Open the output.txt, and supposing that after the system installation you have not modified the LVM, you should look for something that start with these lines:
# Generated by LVM2 version 2.03.05(2) (2019-06-15): Fri Sep 27 15:30:44 2019
contents = "Text Format Volume Group"
version = 1
description = "Created *after* executing 'pvscan --cache --activate ay 253:0'"

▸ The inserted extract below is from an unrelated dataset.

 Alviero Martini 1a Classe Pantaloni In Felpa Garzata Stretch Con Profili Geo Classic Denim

and ends with something like:
stripe_count = 1 # linear
stripes = [
"pv0", 42822
]
}
}
}
Open a new file (i.e. rescue.txt
) and paste all the above section (from # Generated by
to the last }
, you have to follow your intuition).
Check if the parenthesis (`}') are correctly closed, and add them if necessary.
Now the risky part:
pvcreate -ff -u ahIuFeRjdYv00YeJEAMwKMZBX86j88qE --restorefile ./rescue.txt /dev/vda2
If you get Parse error at byte 2803 (line 62): unexpected token
, check the parenthesis again.
If you get:
WARNING: Couldn't find device with uuid ahIuFe-RjdY-v00Y-eJEA-MwKM-ZBX8-6j88qE.

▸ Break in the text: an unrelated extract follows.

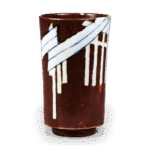 铁釉染付八桥纹猪口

Wiping dos signature on /dev/vda2.
Physical volume "/dev/vda2" successfully created.
We are getting on.
Issue pvdisplay
to check if the Physical Volume is now recognized.
Now issue this command:
vgcfgrestore -f ./rescue.txt fedora_localhost-live
Where fedora_localhost-live
is the name of your Volume Group (probably fedora
, maybe?), look at the content of rescue.txt
file.
Now issue vgdisplay
, to see the Volume Group, and lvdisplay
to list the Logical Volumes.
And activate the Logical Volumes with these commands:
lvchange -ay /dev/fedora_localhost-live/root
lvchange -ay /dev/fedora_localhost-live/swap
Again, fedora_localhost-live
is the name of the Volume Group, yours is different.
Now you should be able to mount the root partition:
mount /dev/fedora_localhost-live/root /mnt/
If it works, reboot and your system should start normally.